TASK BRIEF> In the records below, repeat word for word only the lines starting at the one that contains "Product afbeelding van: Vitra" and ending at the one that contains "Metal Sign Plate", pictures excluded.

START RECORD EXCERPTS

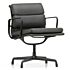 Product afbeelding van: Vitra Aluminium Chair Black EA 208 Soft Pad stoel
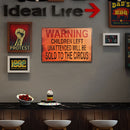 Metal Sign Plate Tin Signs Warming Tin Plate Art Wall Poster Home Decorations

END RECORD EXCERPTS
START RECORD EXCERPTS

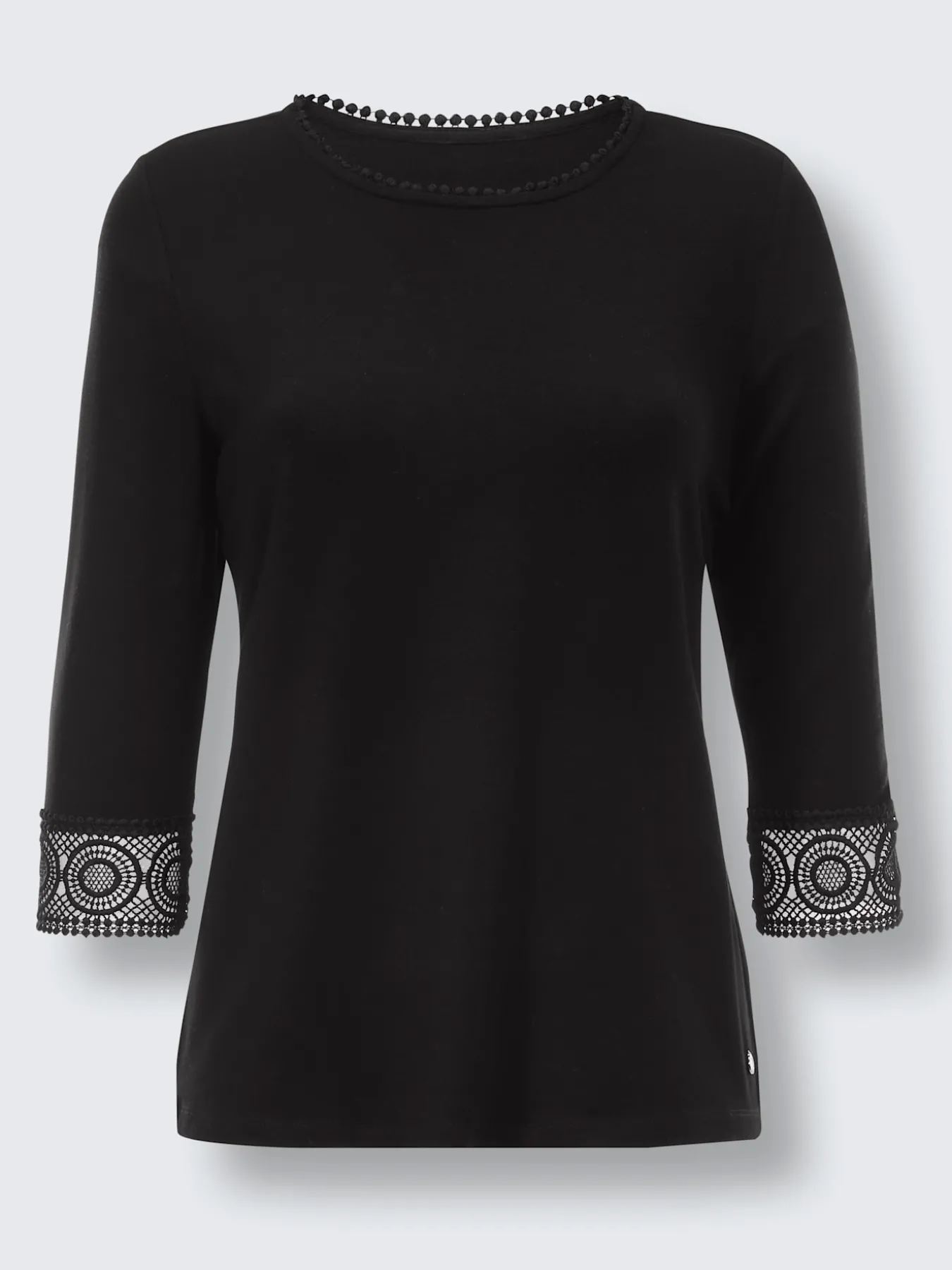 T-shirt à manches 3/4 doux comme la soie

END RECORD EXCERPTS

ANSWER BELOW>
 Product afbeelding van: Vitra Aluminium Chair Black EA 208 Soft Pad stoel
 Metal Sign Plate Tin Signs Warming Tin Plate Art Wall Poster Home Decorations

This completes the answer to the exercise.